In January 2021, North Korean leader Kim Jong Un told his country – and the world – about the plans he had for the evolution and modernization of his nuclear deterrent. He outlined a far-reaching, ambitious menu of military modernization goals. Among these were tactical nuclear weapons, a capability that North Korea had until then not formally sought.
The development and eventual deployment of tactical nuclear weapons by North Korea will represent the most serious negative development for peace and security on the Korean Peninsula since the country’s development of intercontinental-range ballistic missiles capable of ranging the United States. The implications include a heightened risk of nuclear escalation, greater potential for nuclear accidents and mishaps, and greater strain on the South Korea-U.S. alliance.
Tactical nuclear weapons have no universally accepted definition; indeed, the very idea of any nuclear weapons use representing a “tactical” development is contested, with analysts arguing instead that any nuclear weapon use anywhere would have “strategic” implications. Despite these debates, there are three general principles that have come to be associated with tactical nuclear weapons.
First, these weapons feature a deliberately reduced nuclear explosive yield. While some weapons considered “tactical” would still yield a significant proportion of the energy released by the nuclear weapons used by the United States against the Japanese cities of Hiroshima and Nagasaki in 1945, their yields would be relatively smaller than the significantly more damaging weapons that exist in nuclear arsenals – including that of North Korea’s – today. Until North Korea carries out a seventh nuclear test or otherwise directly reveals information concerning the explosive yields it seeks with its tactical nuclear weapons, its adversaries will be left to speculate on this matter.

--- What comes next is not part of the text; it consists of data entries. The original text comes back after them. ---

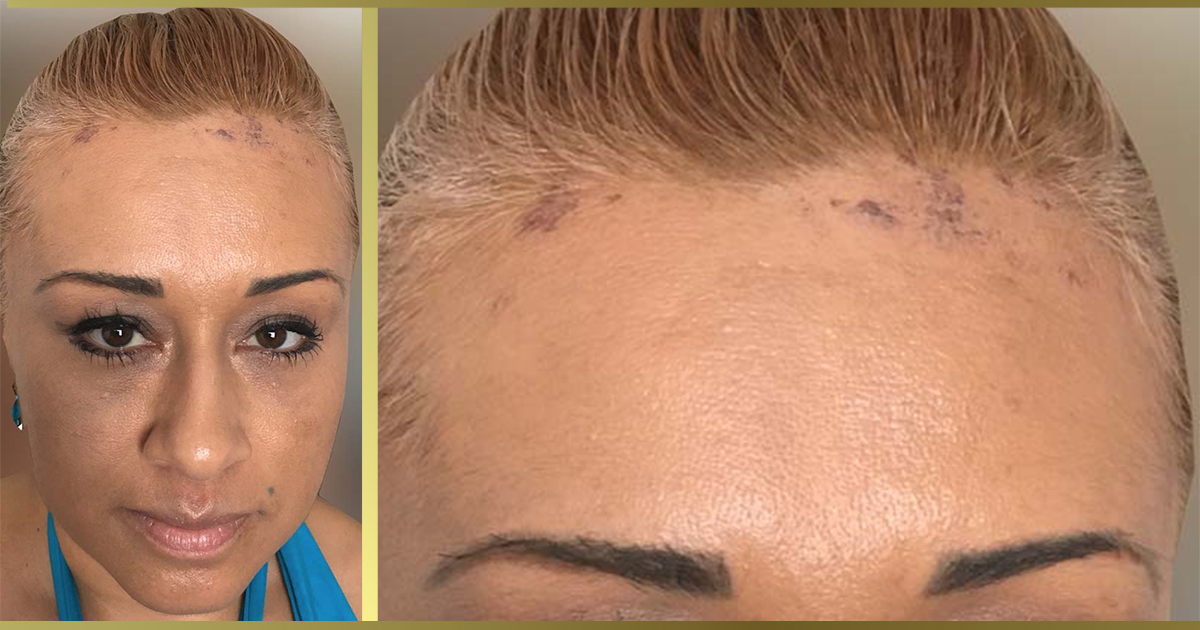 Chemical Burns From Hair Color | Cranial Prosthesis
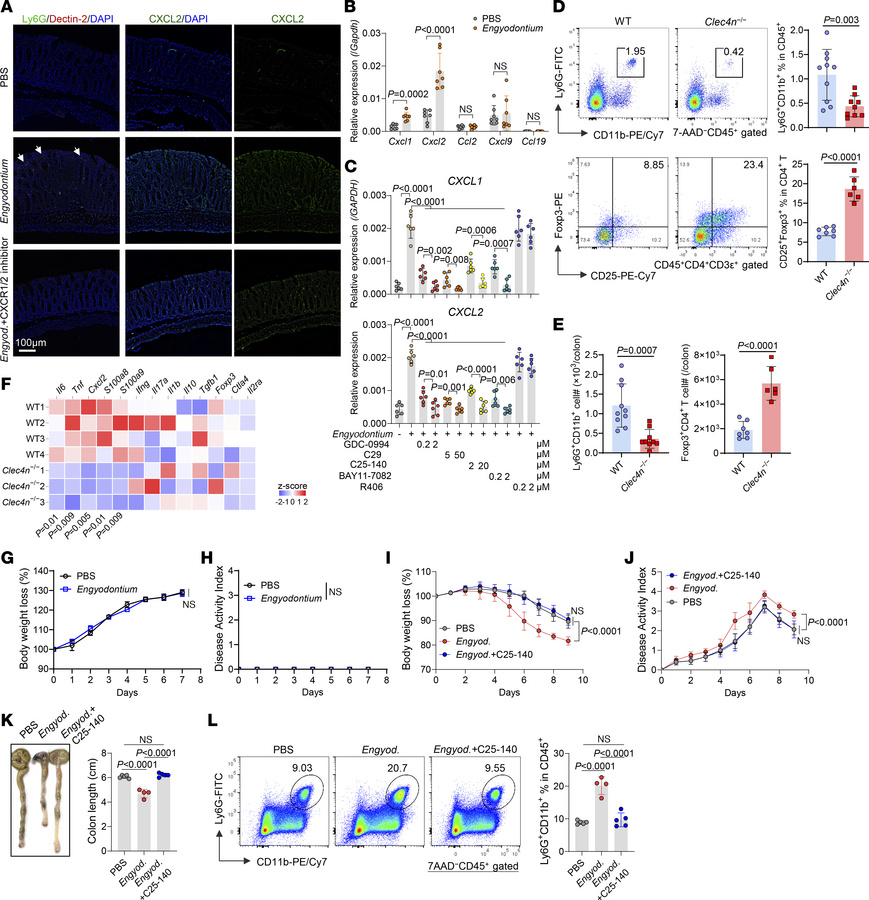 
Engyodontium induces epithelial chemokine production to recruit neutrop...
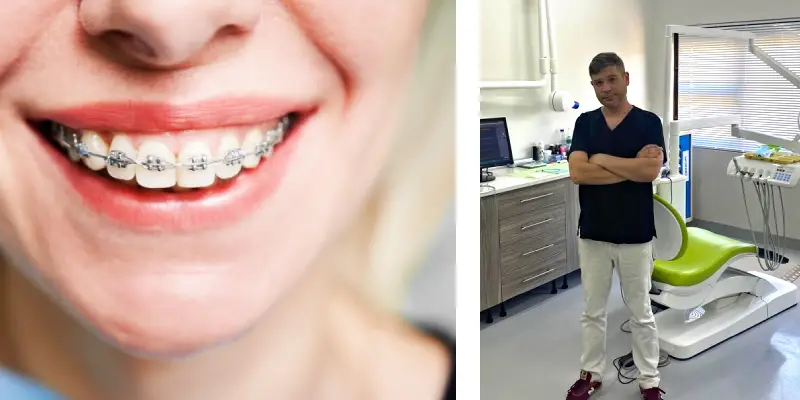 braces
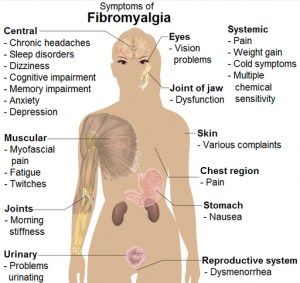 fibromyalgia symptoms dallas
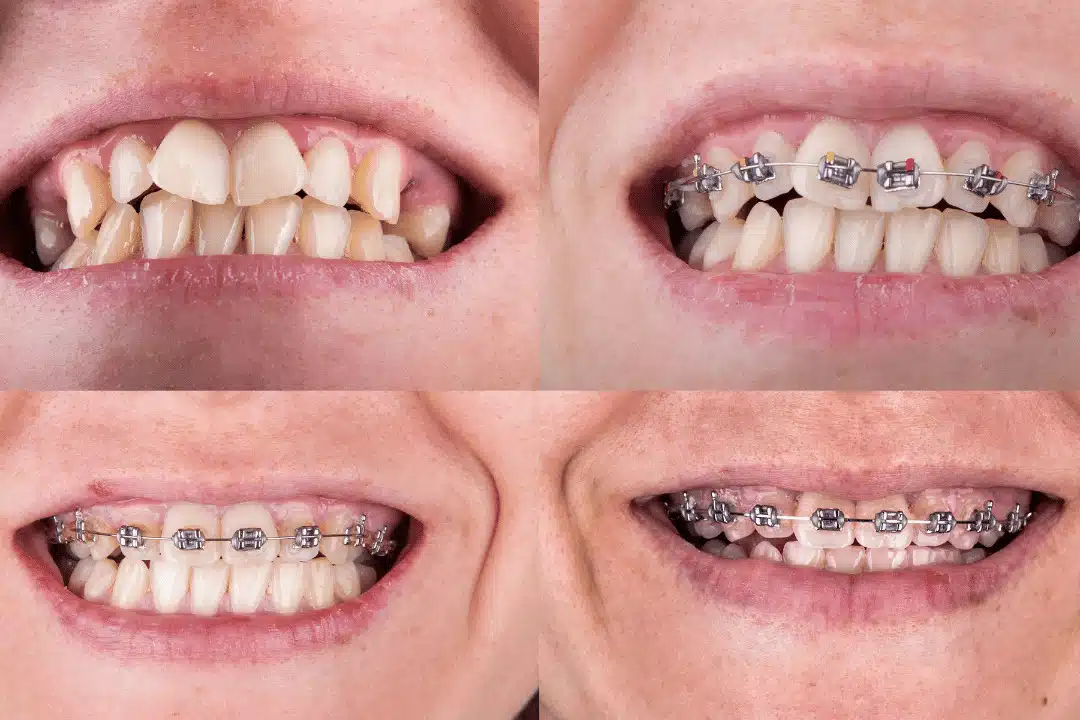 Teeth Shift After Braces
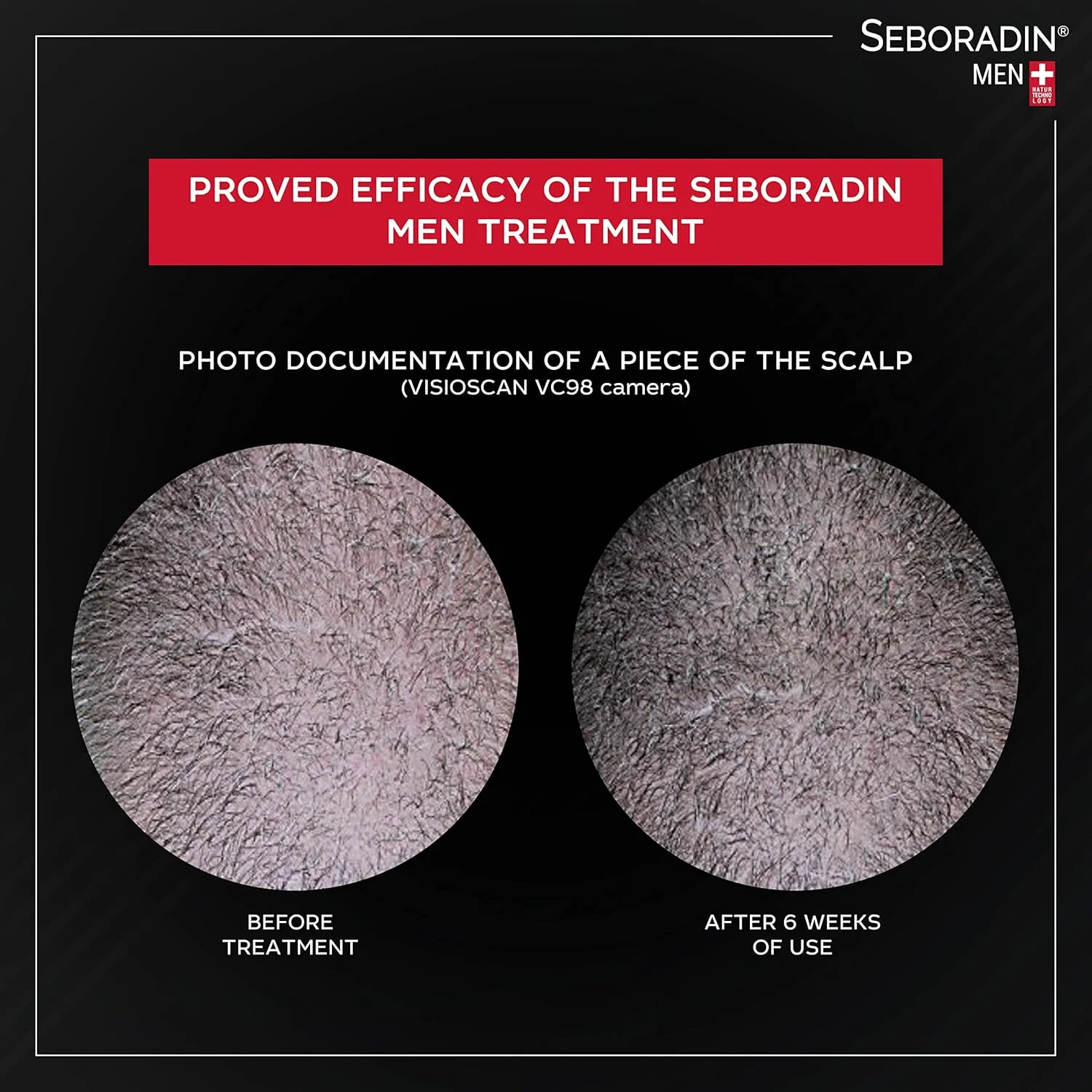 Seboradin Anti-Hair Loss Lotion for Men 200ml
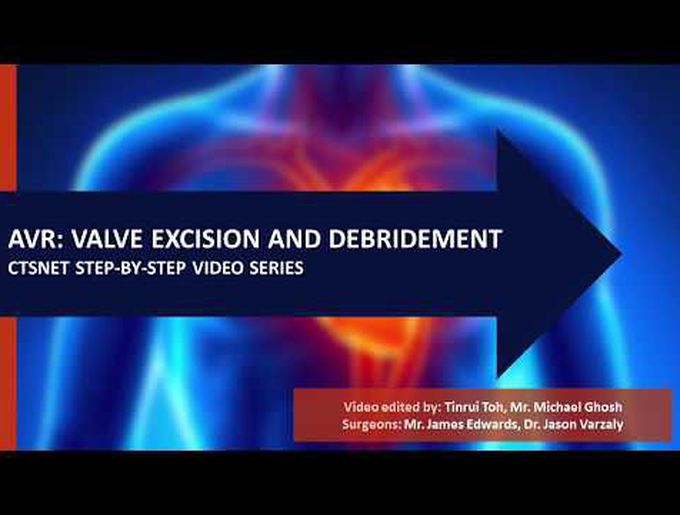CTSNet Step-by-Step Series: AVR Valve Excision and Debridement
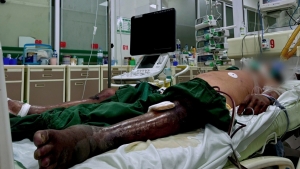 "Suýt mất chân, mất mạng" vì nghề tôm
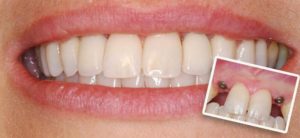 Про имплантацию зубов в два этапа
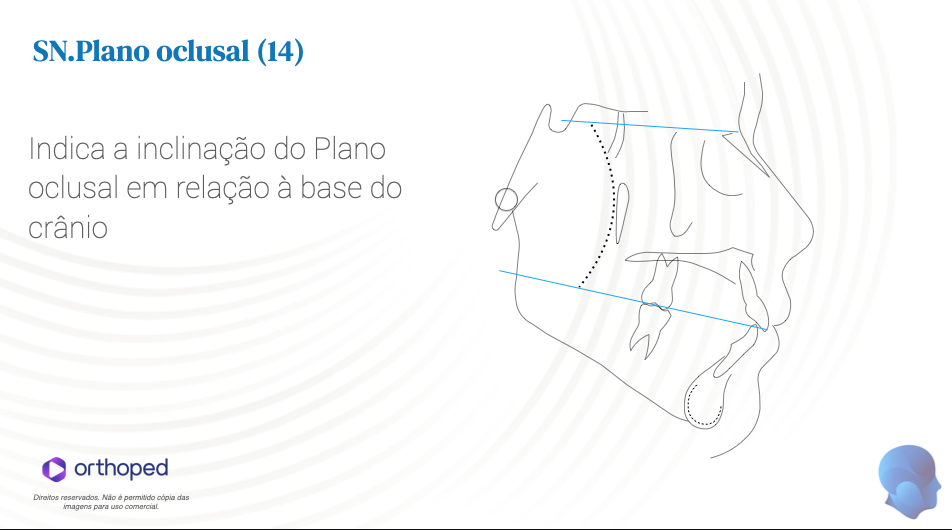 Analise de Steiner - SN.planooclusal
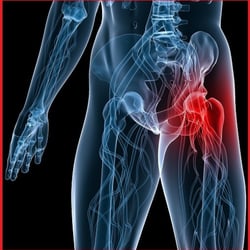 Relief Acupuncture Pennington Hopewell - We treat hip pain.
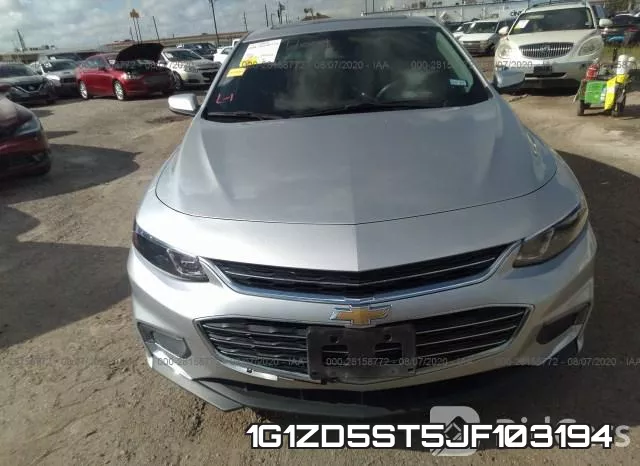 1G1ZD5ST5JF103194 фото 6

The second feature associated with tactical nuclear weapons is that their deployment occurs on relatively short-range delivery systems. In April 2022, Kim oversaw the test of a short-range missile system that flew for just about 110 kilometers; North Korean state media described that missile as a system intended for the delivery of “tactical nukes.” This was the first time North Korea had directly connected a tactical nuclear weapons delivery role to a tested delivery system, and it turned to be an exceptionally short-range missile. North Korea could well seek to expand the range of missile systems that might play a role in the delivery of tactical nuclear weapons, but so far, Kim has opted not to. Kim has, however, alluded to making tactical nuclear weapons lighter and physically smaller, which could allow North Korea, for the first time, to place nuclear warheads on its growing arsenal of cruise missiles.